Greenland's Prime Minister Jens-Frederik Nielsen told a news conference in Copenhagen on Tuesday that "if we have to choose between the United States and Denmark here and now, we choose Denmark. We choose NATO. We choose the Kingdom of Denmark. We choose the EU.”
Asked later Tuesday about Nielsen's comments, Trump replied: “I disagree with him. I don’t know who he is. I don’t know anything about him. But, that’s going to be a big problem for him.”
Greenland is strategically important because, as climate change causes the ice to melt, it opens up the possibility of shorter trade routes to Asia. That also could make it easier to extract and transport untapped deposits of critical minerals which are needed for computers and phones.
This week, Danish Defense Minister Troels Lund Poulsen said that “we will continue to strengthen our military presence in Greenland" and underlined a consensus among NATO members that the alliance must take greater responsibility for security in the Arctic and North Atlantic.
Trump said in Wednesday's post that Greenland is “vital” to the United States' Golden Dome missile defense program. He also has said he wants the island to expand America’s security and has cited what he says is the threat from Russian and Chinese ships as a reason to control it.
But both experts and Greenlanders question that claim.
“The only Chinese I see is when I go to the fast food market,” heating engineer Lars Vintner said.

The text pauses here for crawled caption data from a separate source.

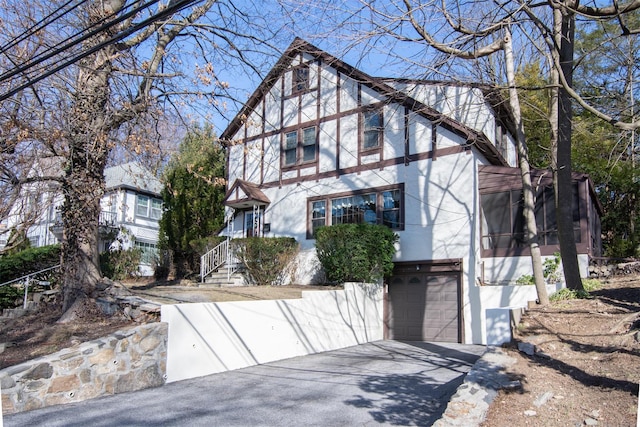 tudor-style house with a garage, driveway, and stucco siding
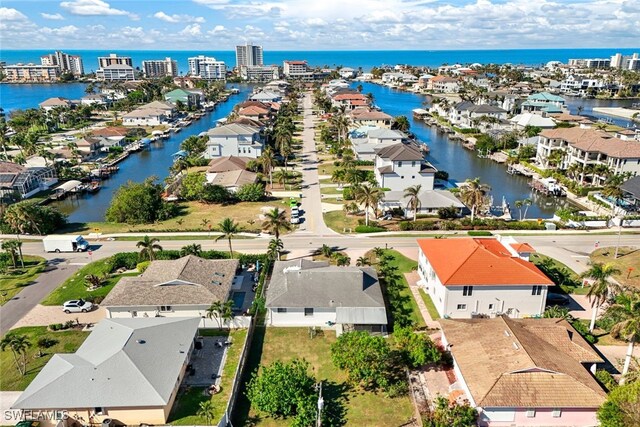 9940 Vanderbilt Dr, Naples, FL 34108 - birds eye view of property featuring a water view and a residential view
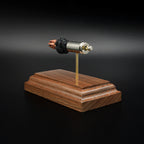 Detailed 40 S&W G2 Research RIP exploded ammunition model mounted on solid walnut base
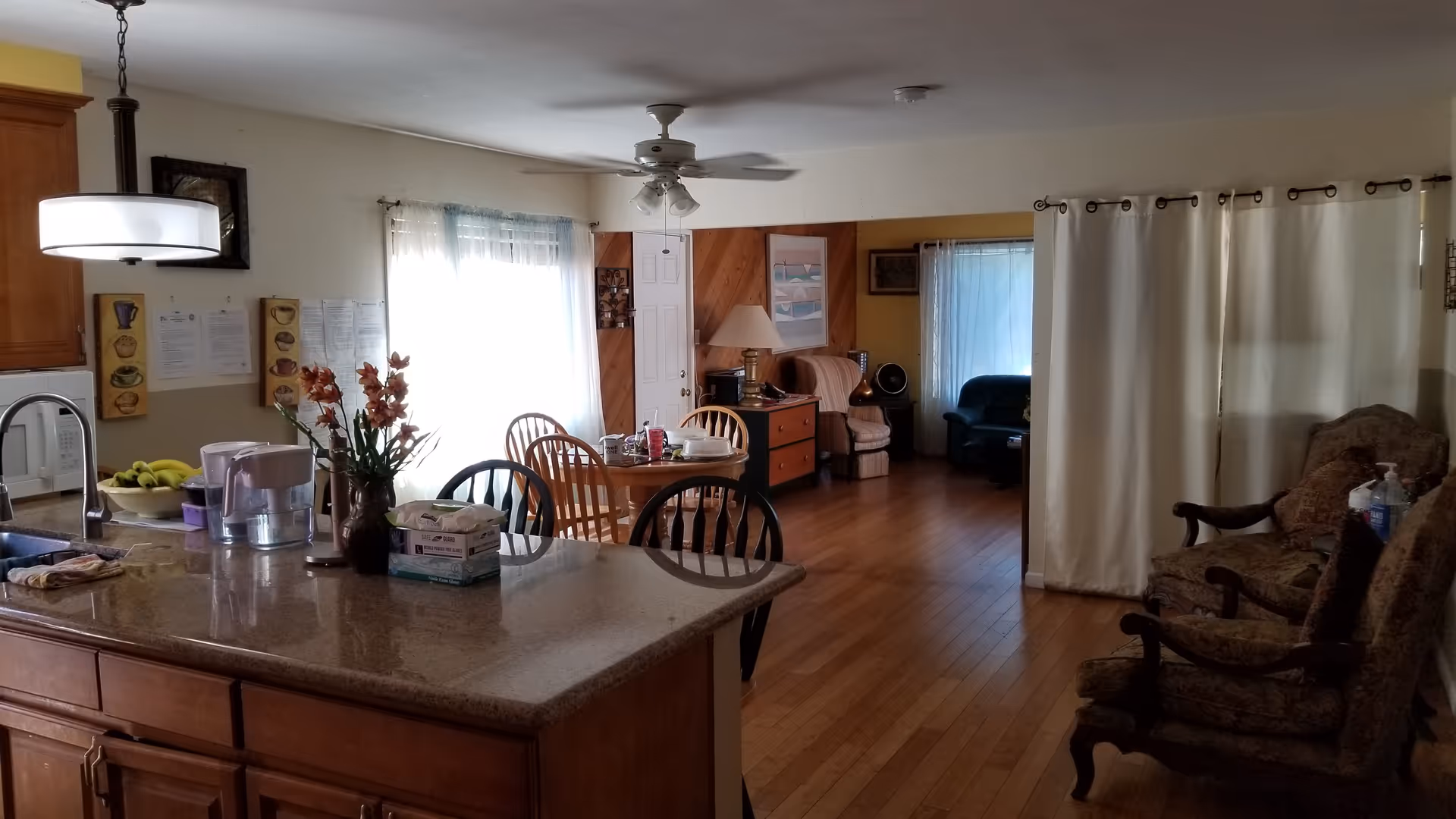 Open-plan interior showing a kitchen island in the foreground, a dining table with chairs in the middle, and a living area with armchairs and curtains in the background.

He said he frequently goes sailing and hunting and has never seen Russian or Chinese ships.
His friend, Hans Nørgaard, agreed, adding “what has come out of the mouth of Donald Trump about all these ships is just fantasy.”
Denmark has said the U.S, which already has a military presence, can boost its bases on Greenland. For that reason, “security is just a cover,” Vintner said, suggesting Trump actually wants to own the island to make money from its untapped natural resources.

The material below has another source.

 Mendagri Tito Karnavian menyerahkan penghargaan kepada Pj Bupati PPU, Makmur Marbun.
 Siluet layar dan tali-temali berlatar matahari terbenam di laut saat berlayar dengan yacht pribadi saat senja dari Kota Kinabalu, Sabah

Nørgaard said he filed a police complaint in Nuuk against Trump’s “aggressive” behavior because, he said, American officials are threatening the people of Greenland and NATO.
Mikaelsen, the student, said Greenlanders benefit from being part of Denmark, which provides free health care, education and payments during study, and “I don’t want the U.S. to take that away from us."
Following the White House meeting, Løkke Rasmussen and Motzfeldt, along with Denmark’s ambassador to the U.S., are due to meet with senators from the Arctic Caucus in the U.S. Congress.
Two lawmakers — Sen. Jeanne Shaheen, a New Hampshire Democrat, and Sen. Lisa Murkowski, an Alaska Republican — have introduced bipartisan legislation that would prohibit the use of U.S. Defense or State department funds to annex or take control of Greenland or the sovereign territory of any NATO member state without that ally’s consent or authorization from the North Atlantic Council.
A bipartisan delegation of lawmakers is also heading to Copenhagen later this week to meet Danish and Greenlandic officials.
Last week, Denmark’s major European allies joined Danish Prime Minister Mette Frederiksen in issuing a statement declaring that Greenland belongs to its people and that “it is for Denmark and Greenland, and them only, to decide on matters concerning Denmark and Greenland.”
French Foreign Minister Jean-Noël Barrot told RTL radio Wednesday that his country plans to open a consulate in Greenland Feb. 6, following a decision last summer to open the diplomatic outpost.
“Attacking another NATO member would make no sense; it would even be contrary to the interests of the United States. And I’m hearing more and more voices in the United States saying this,” Barrot said. “So this blackmail must obviously stop.”
Geir Moulson in Berlin, Lisa Mascaro in Washington and Catherine Gaschka in Paris contributed to this report.
A fisherman carries a bucket onto his boat in the harbor of Nuuk, Greenland, on Tuesday, Jan. 13, 2026. (AP Photo/Evgeniy Maloletka)
A boat travels at the sea inlet in Nuuk, Greenland, on Tuesday, Jan. 13, 2026. (AP Photo/Evgeniy Maloletka)
People walk near the church in Nuuk, Greenland, on Tuesday, Jan. 13, 2026. (AP Photo/Evgeniy Maloletka)
A bird stands on a boat at the harbour of Nuuk, Greenland, on Tuesday, Jan. 13, 2026. (AP Photo/Evgeniy Maloletka)
People walk along a street in downtown of Nuuk, Greenland, on Tuesday, Jan. 13, 2026. (AP Photo/Evgeniy Maloletka)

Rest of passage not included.